Diversifikasi Sumber Listrik untuk Ketahanan dan Kemandirian Energi Indonesia

JAKARTA – Salah satu tantangan dalam melaksanakan transisi energi di sektor ketenagalistrikan Indonesia adalah dominasi batu bara sebagai sumber pembangkit listrik utama. Hingga 2020, Kementerian Energi dan Sumber Daya Mineral mencatat 50,3 persen dari listrik di Indonesia dihasilkan melalui Pembangkit Listrik Tenaga Uap batu bara. Selain sebagai sumber energi listrik, batu bara merupakan komoditas ekspor yang berkontribusi pada Penerimaan Negara Bukan Pajak dan memberikan dampak positif pada neraca dagang Indonesia. Pada 2019, International Energy Agency menempatkan Indonesia sebagai eksportir batu bara terbesar di dunia dengan jumlah ekspor sebesar 455 metrik ton dan valuasi sebesar USD 34 miliar, jika asumsi per ton senilai USD 75. Fakta ini menjadi tantangan bagi Indonesia untuk menemukan strategi dekarbonisasi bidang berbasis energi, khususnya di sektor ketenagalistrikan, sekaligus menjaga kualitas pertumbuhan ekonomi.

“Indonesia melihat pentingnya diversifikasi sumber listrik untuk ketahanan dan kemandirian energi nasional. Pemenuhan kebutuhan listrik akan diarahkan dari listrik terbarukan yang juga banyak tersedia di berbagai daerah di Indonesia.
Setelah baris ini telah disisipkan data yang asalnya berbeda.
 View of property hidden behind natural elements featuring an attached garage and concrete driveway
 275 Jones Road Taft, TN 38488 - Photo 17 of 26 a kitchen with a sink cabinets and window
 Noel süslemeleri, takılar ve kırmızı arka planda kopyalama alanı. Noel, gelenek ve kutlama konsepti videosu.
Peran pembangkit batu bara akan secara terus menerus dikurangi. Implementasi kebijakan tersebut membutuhkan upaya yang menyeluruh, bersinergi dan berkesinambungan. Aspek teknis, finansial, dan juga sosial, termasuk munculnya dukungan dari seluruh pemangku kepentingan, perlu dipersiapkan. Proses transisi juga perlu dipastikan melalui proses perencanaan pembangunan baik jangka panjang, menengah, maupun tahunan,” ungkap Direktur Ketenagalistrikan, Telekomunikasi dan Informatika, Kementerian PPN/Bappenas Rachmat Mardiana dalam diskusi daring “Peran Sektor Batubara dalam Menghadapi Tantangan Transisi Energi di Indonesia” yang diselenggarakan Kementerian PPN/Bappenas bersama Clean Affordable and Secure Energy (CASE) Indonesia, Deutsche Gesellschaft für Internationale Zusammenarbeit (GIZ) dan Institute for Essential Services Reform (IESR), Selasa (26/10).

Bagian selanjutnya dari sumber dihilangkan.